Amazon Rapids, a US$2.99/month chat fiction app for kids ages five to 12, was released in November 2016. It has been chugging out original content ever since, working with authors like Raymond Bean (Sweet Farts, Benji Franklin), and adding a Signature Stories feature in July that adapts Amazon original TV series like Danger & Eggs for the platform.
“The whole idea is to find those in-between times when kids want screen time but parents want it for reading,” says Michael Robinson, director of consumer products at Amazon Education. “We want to make sure that it is fun for them so they’re intrinsically motivated to do it.”
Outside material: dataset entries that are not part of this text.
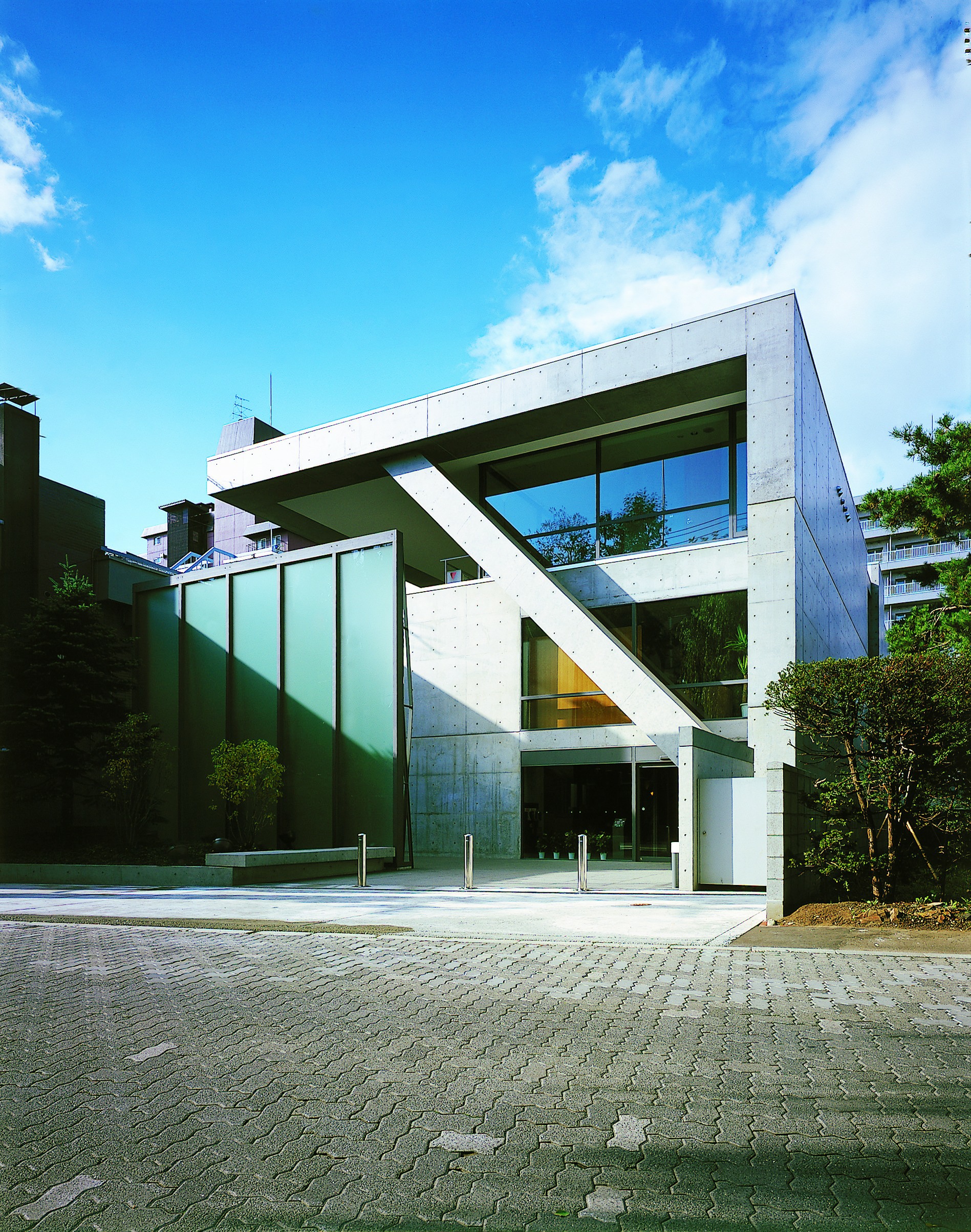 渡辺淳一文学館の現在と閉館疑惑の真相！安藤建築の魅力と最新利用ガイド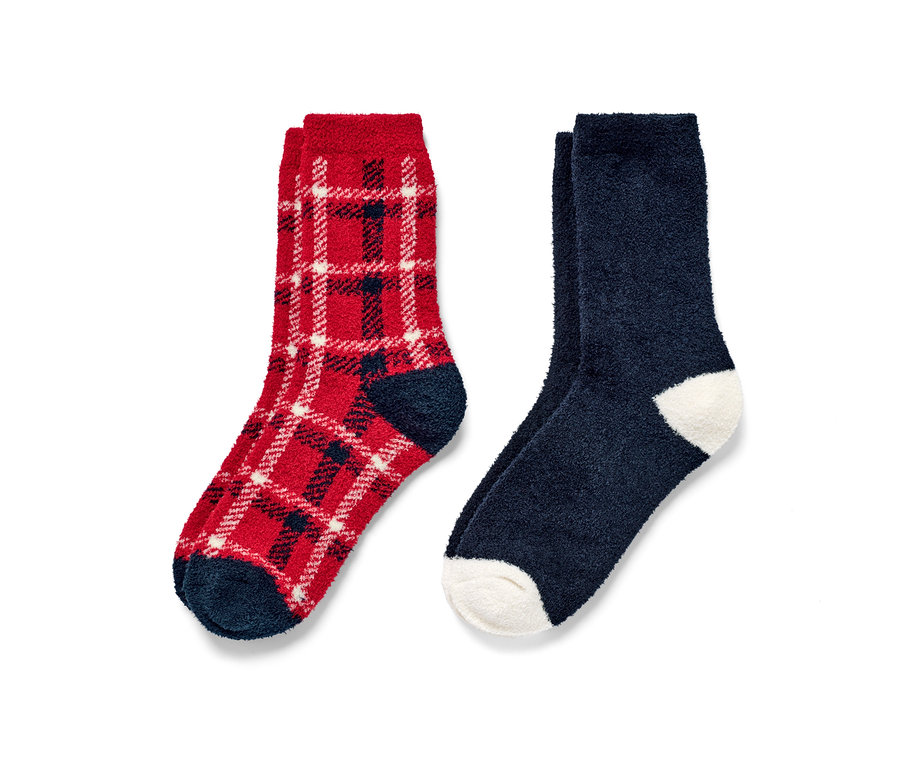 Zwei Paar Kuschelsocken: ein Paar rot kariert, ein Paar dunkelblau mit weißer Spitze.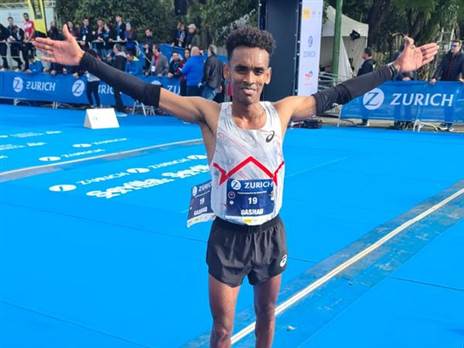 גשאו איילה אחרי שבירת השיא | צילום: איגוד האתלטיקה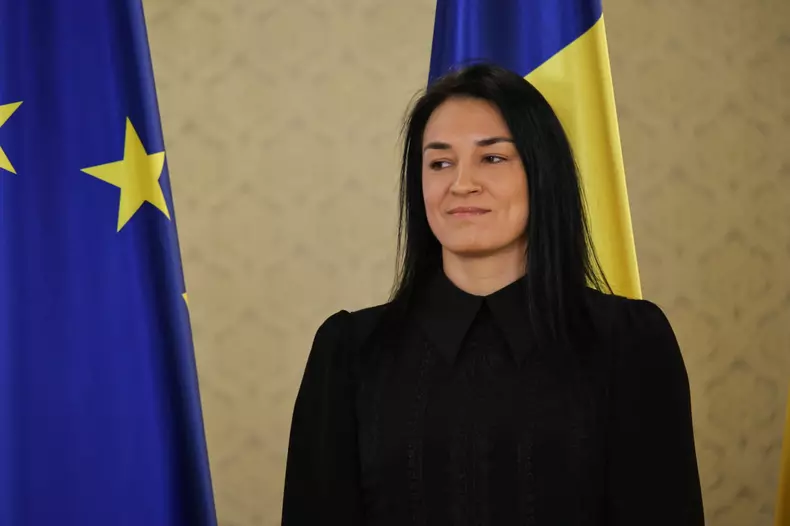 Cristina Neagu a fost decorată de președintele Ilie Bolojan 10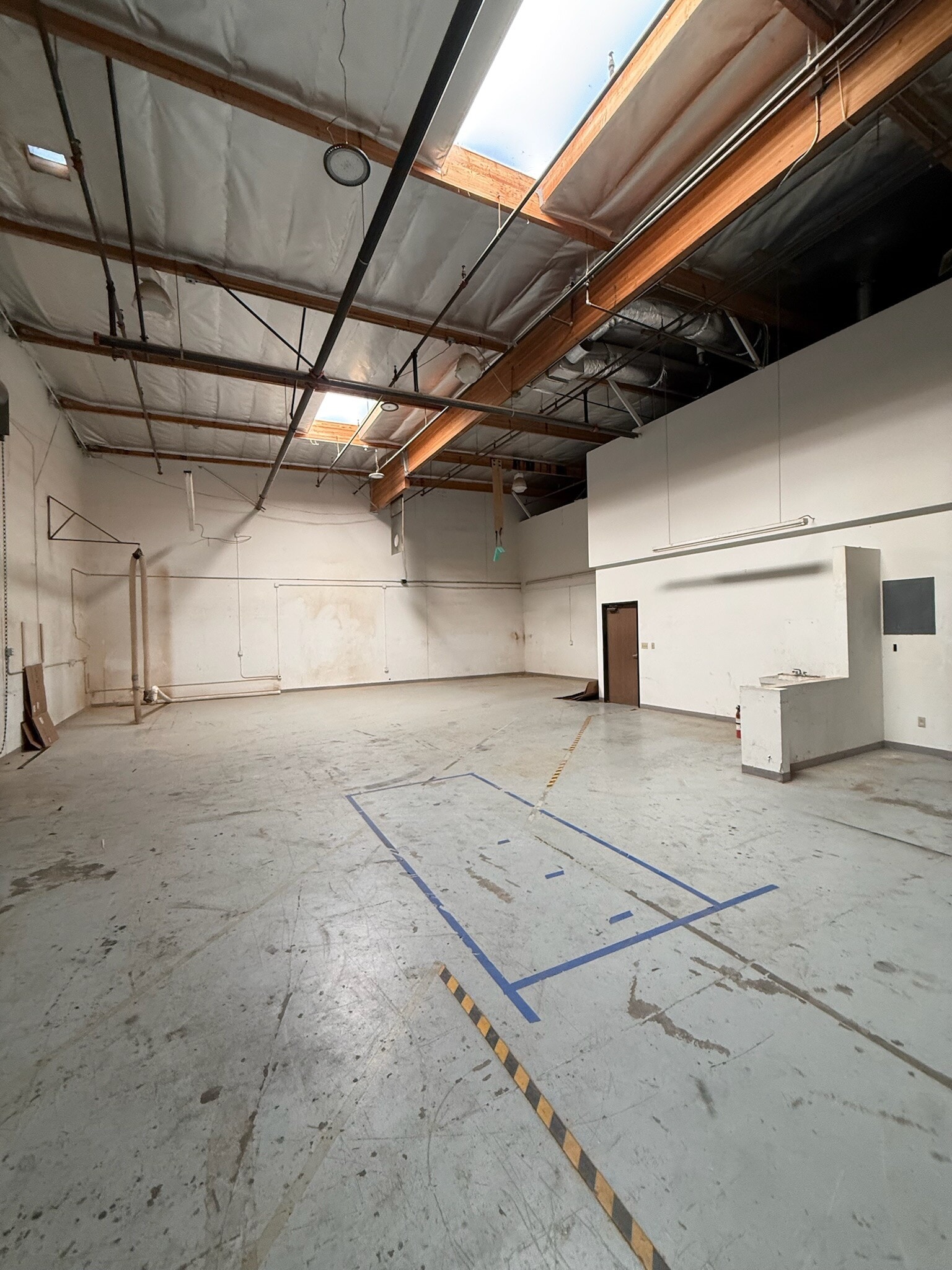 855 E Easy St, Simi Valley, CA for lease Interior Photo- Image 1 of 6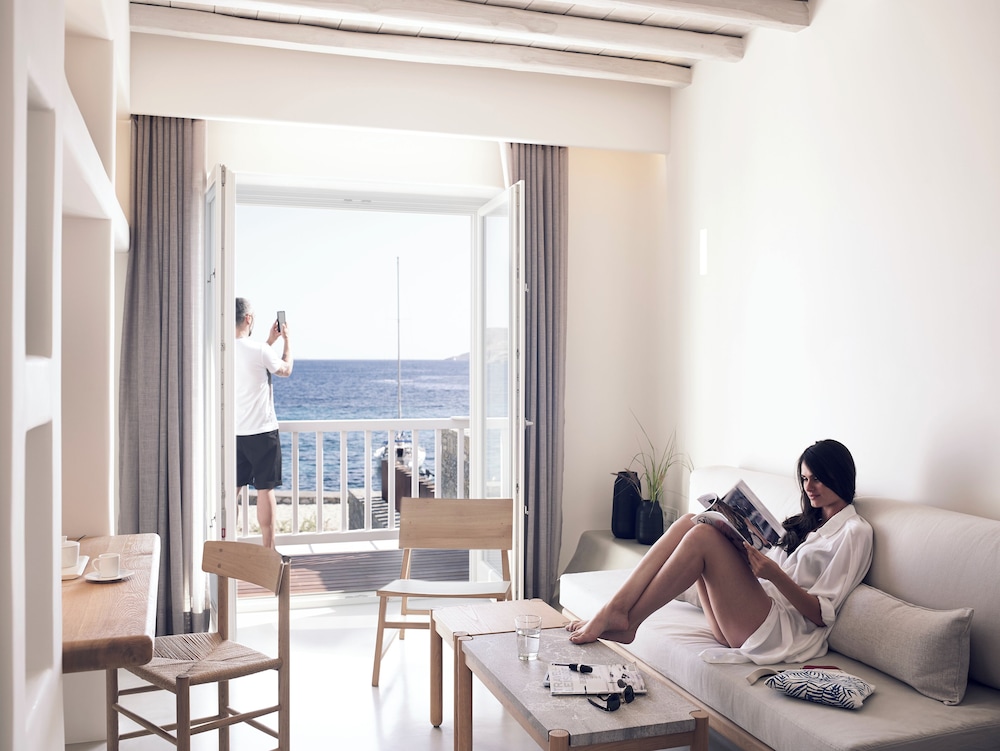 bill and coo coast suites adult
A big part of that rests on the gamification-like features of these chat apps, which often makes sure that each story ends with a cliffhanger, even a minor one, so kids keep coming back to read more. And speaking of longevity, both Amazon and Hooked insist they’re not trying to replace the timeless aspect of reading, but rather make it more accessible to a younger, screen-hungry generation. The ultimate goal is for chat-fiction apps to act as a gateway to more reading. But for Amazon, it’s also a win-win situation.
“If they read via books or the Rapids app, we really don’t care because we’re invested in reading in many different ways,” says Robinson. “There are authors and readers, and there are many ways to connect those two.”